An overarching message was the need for innovation to tackle complex and emerging development challenges. However many speakers forcefully made the point that innovation shouldn’t be the goal in itself; the ultimate goal must be impact.

Innovation is driven by collaboration, unusual partnerships, not accepting complacency and a focus on organisational culture, leadership and value-add.
Innovation is no silver bullet and it must be tempered with a focus on tried and tested approaches. Policy makers and practitioners alike must assess the value of an idea, rather than how it is labeled.

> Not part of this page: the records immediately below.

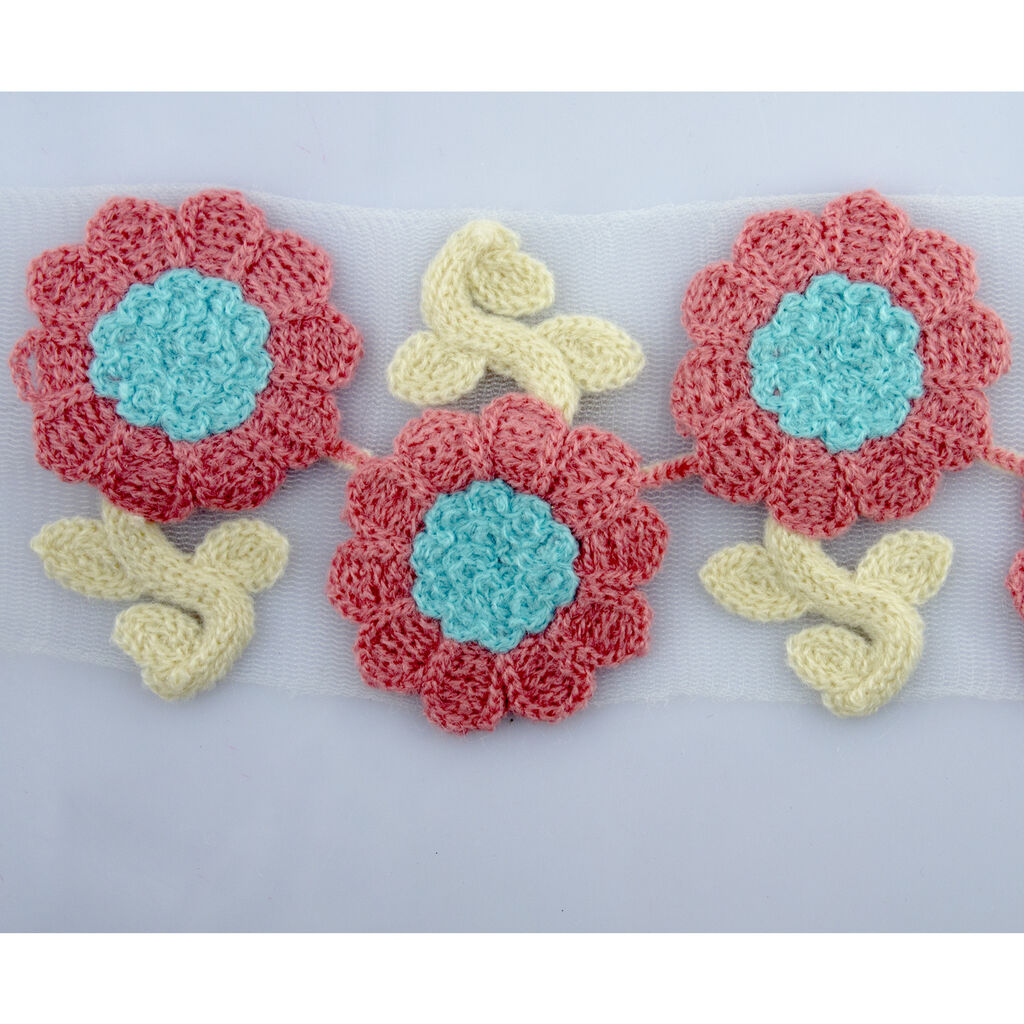 Close-up of knitted flower trim showing pink and blue design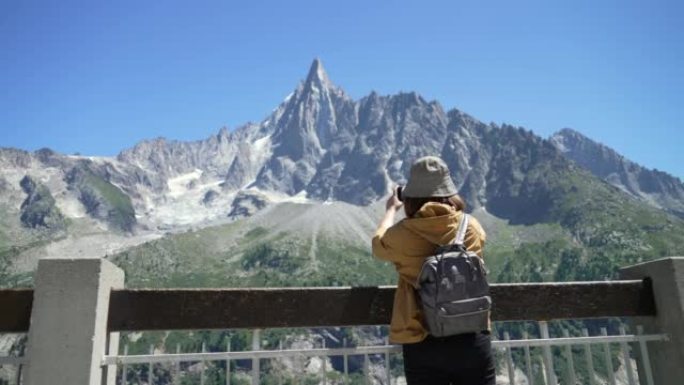 女旅行者在法国夏慕尼勃朗峰用智能手机拍照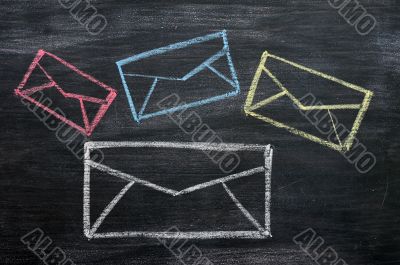 Chalk drawing of email symbols on a blackboard 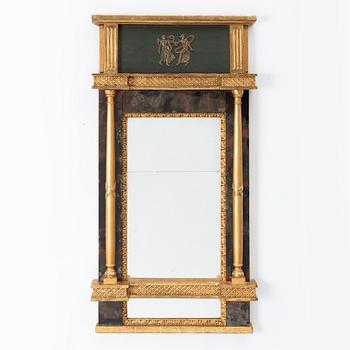 An Empire mirror, first half of the 19th century.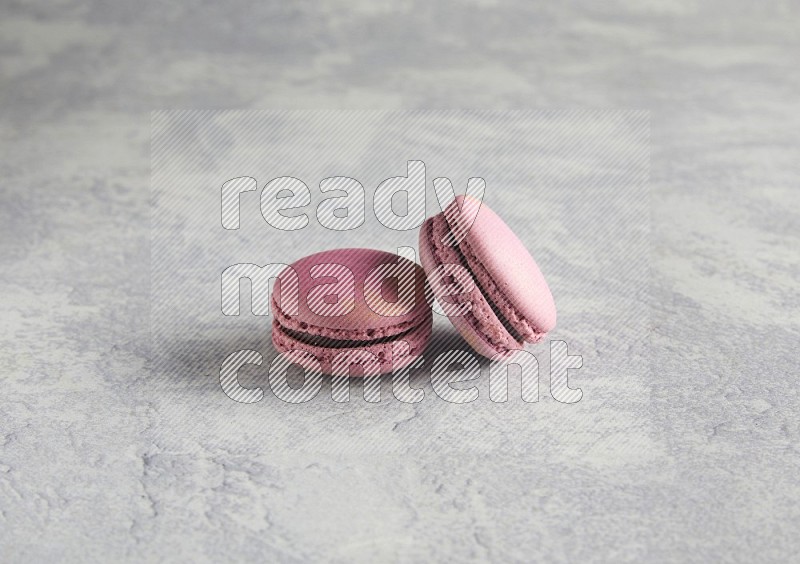 45º Shot of two Purple Strawberry macarons on white  marble background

Australian aid agencies have brought much innovation to development over recent decades however there are opportunities for NGOs to have a more deliberate and systematic approach to innovation. Ultimately, driving lasting change often requires agencies and other development actors to work politically, supporting social movements and with a focus on systems change.

Journalist Karen Middleton led a panel discussion looking at disruptive challenges for society with academic Dr Haydn Washington; ACOSS CEO, Dr Cassandra Goldie; ActionAid CEO, Archie Law; and Global Compact Australia CEO, Alice Cope. The panel stressed that a ‘business as usual’ approach will not be sufficient to meet the challenges posed by climate change, inequality, poverty and conflict. Greater commitment and significant policy shifts are required by governments matched with enhanced collaboration across sectors and the building of social movements for change. 

Conference participants heard about the importance of leadership for innovative and sustainable development from Dr Fiona Kerr and Fabian Dattner. Understandings of effective leadership have shifted from ‘command and control’ to collaboration. Australian agencies must invest in insights into how leaders are seen in their organisation.
We also heard about the fascinating world of neuroscience, with Dr Fiona Kerr providing stimulating examples of the connections between the human brain and the complexities of leading, collaboration and creativity which are all required for leading innovative and adaptive organisations.
In a final closing panel moderated by Marc Purcell, Sam Mostyn, President of ACFID, Brian Doolan, CEO of the Fred Hollows Foundation, Jo Hayter, CEO of the International Women's Development Agency, Terence Wood from the Development Policy Centre at ANU, and Helen Steel from the Shared Value Project provided conference participants with a range of take-home messages.

They included: the need to work together to build a more compassionate Australia; for NGOs to devote more thought and resources to engaging politically to change systems; the need for the private sector to integrate poverty alleviation considerations into everyday practices; and the opportunities presented by the Sustainable Development Goals for greater cross-sectoral collaboration and development progress.